From the line containing "BLEACH 千年血戦篇 III《完全生" to the end of the records below, both included, every line should be repeated exactly; pictures should be dropped.

• • • •

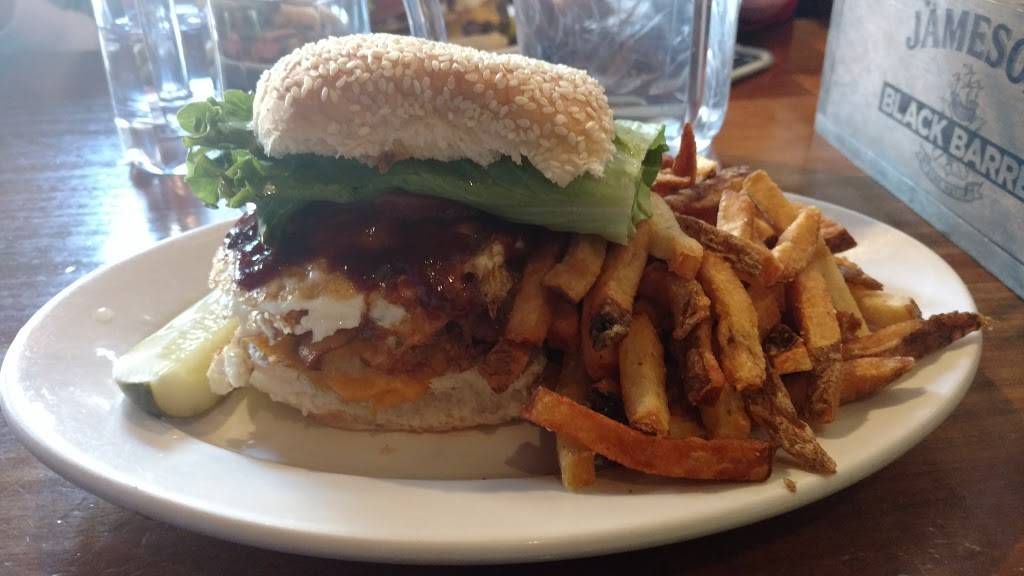 Jakes Dilemma | restaurant | 430 Amsterdam Ave, New York, NY 10024, USA | 2125800556 OR +1 212-580-0556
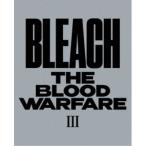 BLEACH 千年血戦篇 III《完全生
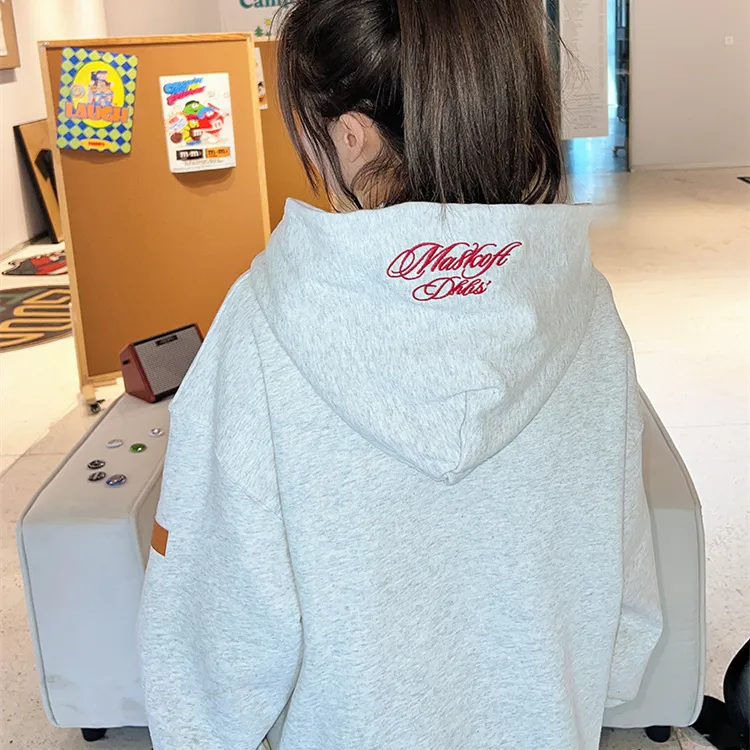 SFSAPABL Sweatshirts Women's-3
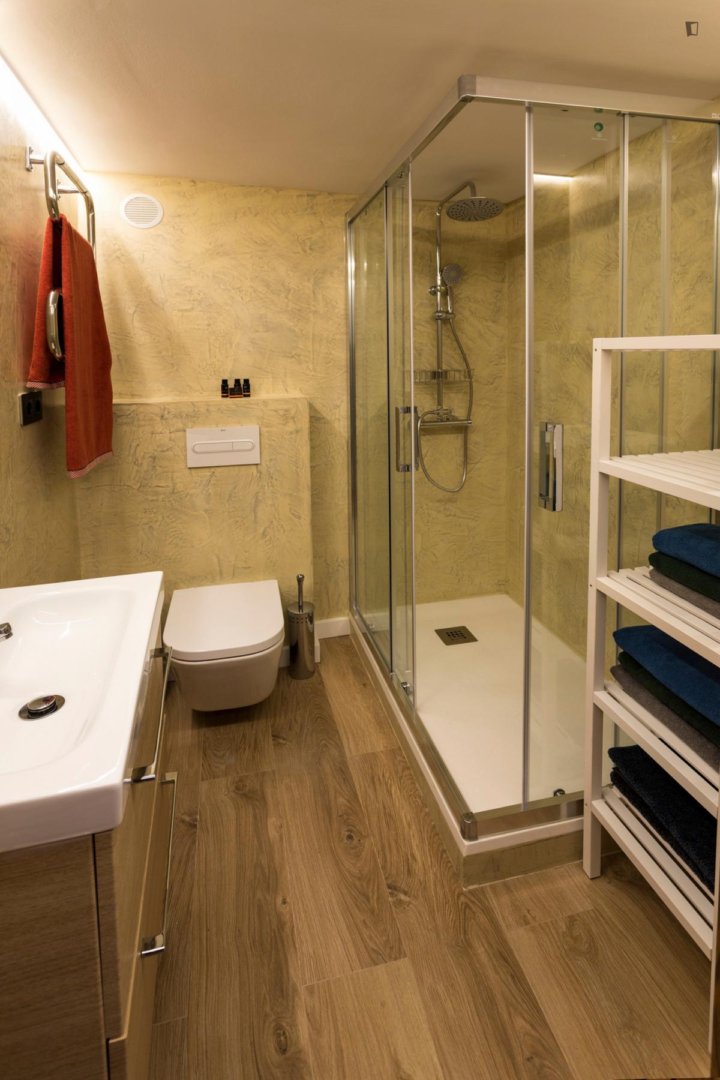 Pis de 42 m² a Madrid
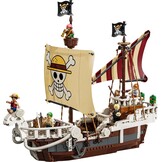 Piratenschip Going Merry Bouwset LEGO ONE PIECE - 35% Korting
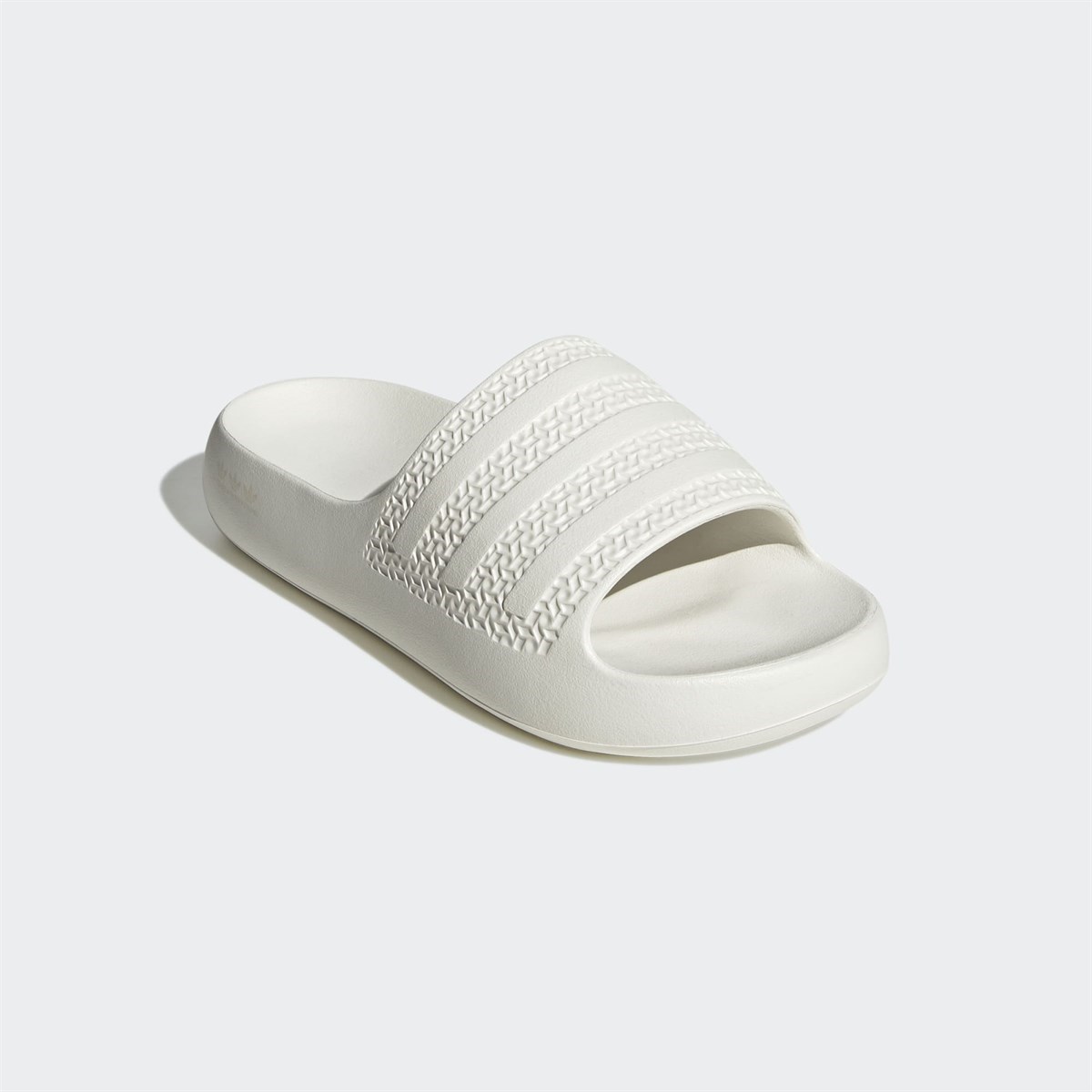 ADILETTE AYOON W - ADIDAS SIYAH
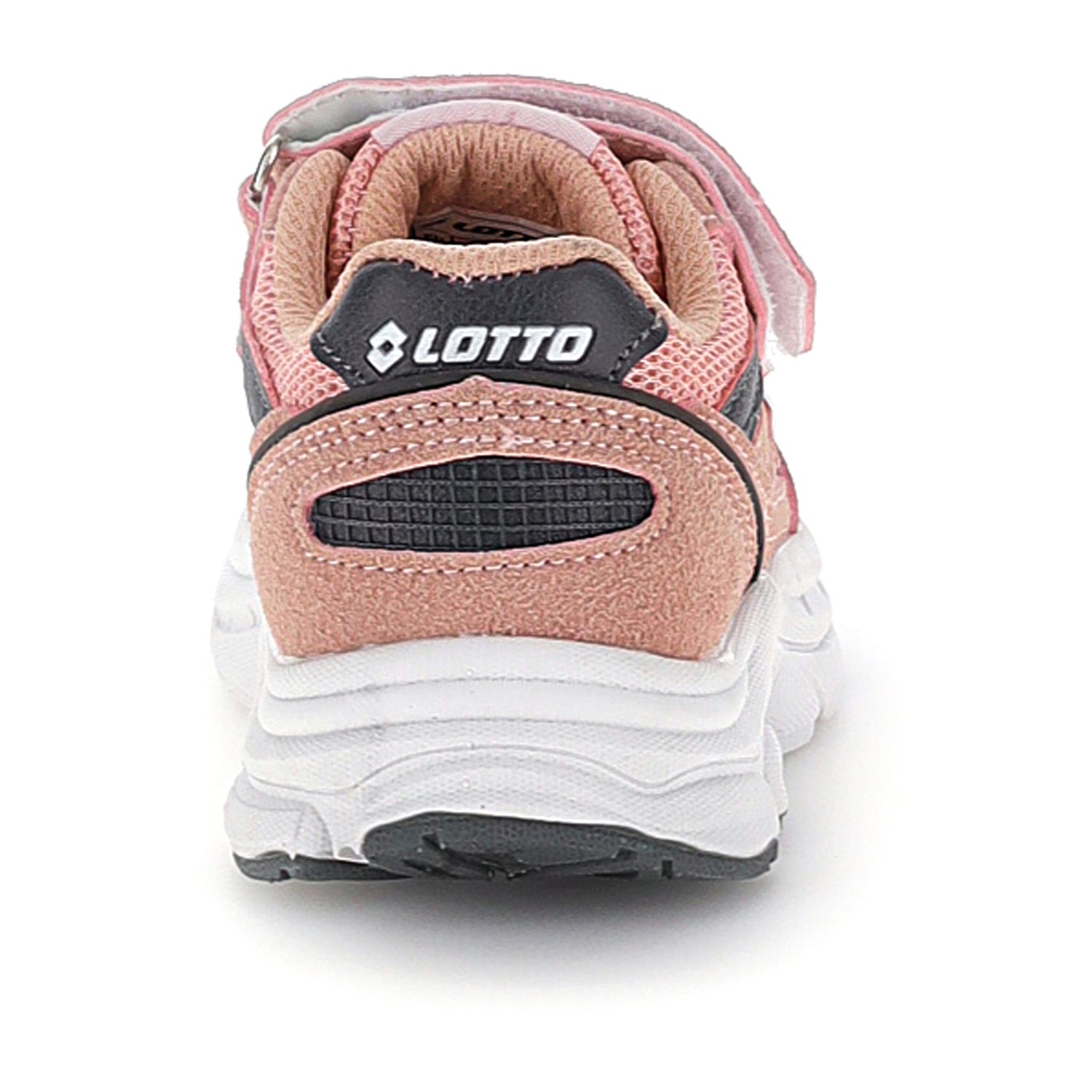 INFANTI SCARPE BOSTON ROSA 223863 EJU 05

• • • •

OUTPUT FOR THIS EXERCISE →
 BLEACH 千年血戦篇 III《完全生
 SFSAPABL Sweatshirts Women's-3
 Pis de 42 m² a Madrid
 Piratenschip Going Merry Bouwset LEGO ONE PIECE - 35% Korting
 ADILETTE AYOON W - ADIDAS SIYAH
 INFANTI SCARPE BOSTON ROSA 223863 EJU 05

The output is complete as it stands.